Doctor Fenhoff, who is Doctor Faustus, came from a great run of the Captain America comic books – in the comic books, he’s a more modern-day villain. But we were very thankful that they let us reinterpret him as a villain who is still playing in the Captain America world, but happening in the 40’s.
And so… we let S.H.I.E.L.D. know what were doing, and that allowed them to work it into their storyline.
Dottie has been understandably mysterious through the series, but we saw a glimpse of her inner life in the finale. How did you approach this new side of the character?
I think of [Dottie] as this incredibly damaged young woman, who has spent her life being made into a killer. But you know, it’s almost that weird thing where she can see the relationships Peggy has in her life, and be at the exact same time jealous of them, and also look at it almost like an alien looks at something that is completely outside of their worldview.
So I think it’s really interesting to kind of balance that with her, where she doesn’t… it’s not something that she grew up with, or knows, or understands one-hundred percent. Yet she can’t help wondering what it must be like.
In addition to Dottie, we also saw an unexpectedly innocent side of Howard Stark this week.
That’s one of the wonderful things about television. We get to explore characters in a way that you can’t really do in a two and a half hour film, for sure a film that has a lot of action and plot. So this was an opportunity to kind of show other shades of Howard.
And I think that – like, I’ll use the example of him in the lab. Him and Peggy are having an incredibly tense conversation over her feeling like he’s putting himself at risk, and him turning it on her like, you know, “You’re the one who said I was selfish and all these things, and you’re right! And I am gonna man up and take responsibility.”
And he is absolutely genuine in that moment, and he is just as genuine about being who he is when he steals the Blitzkrieg Button. He can do both of those things, he is able to split sort of his wants and desires… because in that moment, [Howard] realizes an opportunity has come up, and at the same time he desperately wants Peggy to – to basically, respect him.
So he’s complicated, which I like. I think that he truly does respect her and value, her, but he has his own wants and desires, and he also isn’t above using her.
Did you have a favorite character to write for in Agent Carter?
It’s really fun to write Jarvis and Peggy together. They have such a wonderful dynamic, and it’s so different for a lot of TV viewers because it isn’t romantic, though they have a wonderful chemistry. It kind of does harken back to like, the ’40’s, movies like The Thin Man, where so much is played in subtext and not necessarily hit[ting] you over the head.
Speaking of the ’40’s, do you imagine a future season of Agent Carter staying in the same time period? Or would you like to hop forward?

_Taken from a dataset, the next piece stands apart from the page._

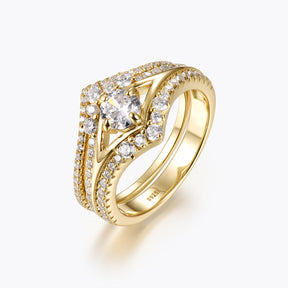 Dissoo® Round Moissanite Split Pavé Engagement Ring and V-Shaped Wedding Ring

We’ve talked about all of that. The fact is, we’ve talked about – and there’s no definitive answer to that yet – but the fact is, we’ve talked about, do you time jump? Do you send her on a mission to London, do you send her on a mission to Hollywood?

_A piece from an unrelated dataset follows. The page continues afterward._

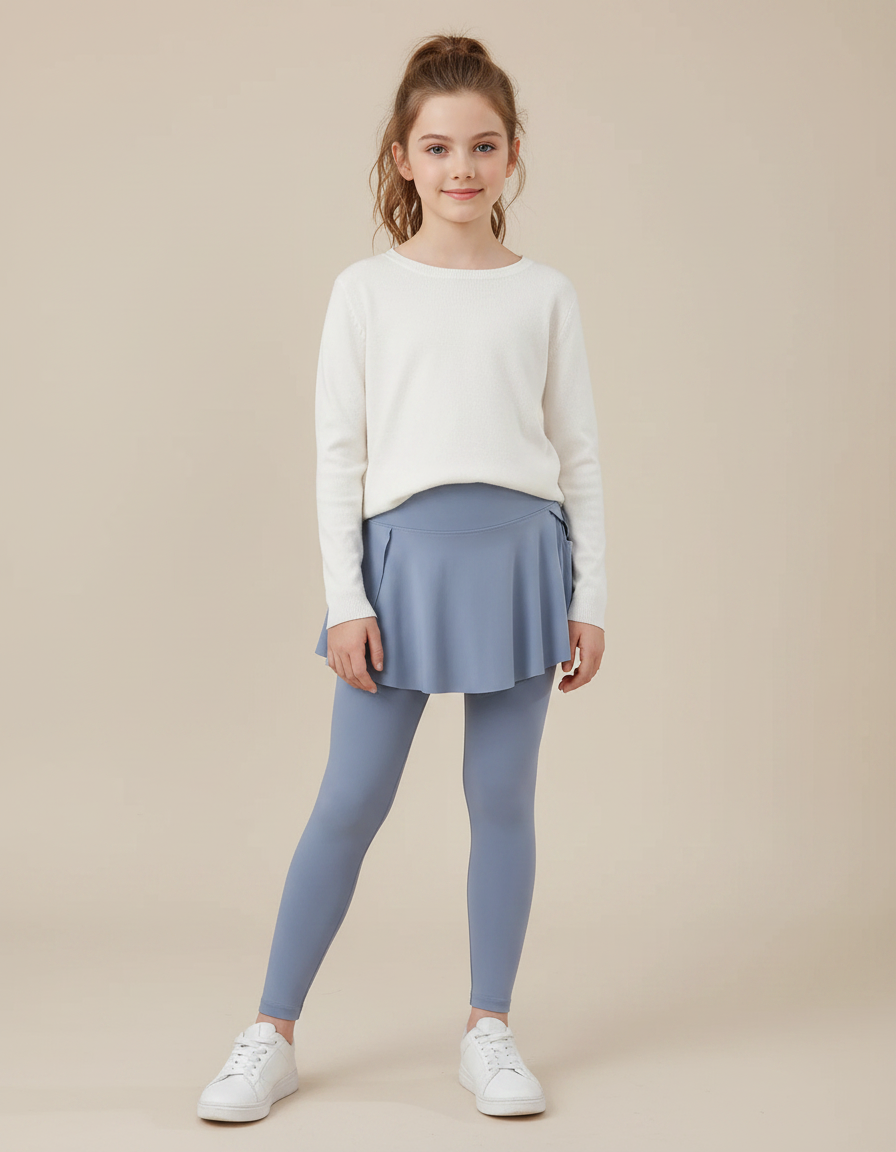Pantalon Jupe Bleu Ciel Plissé Confortable Fille - Polyester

I mean, I still think there’s some story to be told in the time period that we’re at, but maybe we have the ability to, like I said, bring her to Los Angeles, bring her to London. The nice thing about being a spy is that she can pretty much go anywhere.

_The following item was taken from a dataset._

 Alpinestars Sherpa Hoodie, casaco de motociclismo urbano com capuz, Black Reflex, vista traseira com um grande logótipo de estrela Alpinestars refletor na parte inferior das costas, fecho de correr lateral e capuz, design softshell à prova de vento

And are there any stories or themes you’d like to tackle in the much-hoped-for second season?
I can’t go into any detail about specific characters I necessarily want to see, but I will say this. For Peggy, I think that we spent the first eight episodes allowing her to put Captain America behind her, to a degree. Not that he won’t always have a presence in her life, but I think she’s now in a better place and is able to move on.
I think that the next step emotionally for Peggy is, she has made her professional life her only life, and I think that she needs to expand her universe. I think that you do want to see what it is like for Peggy to go on a date, and be more open to having more in her life.
And just as much as she can always handle the professional stuff, I think it would actually be harder for her to handle the personal stuff.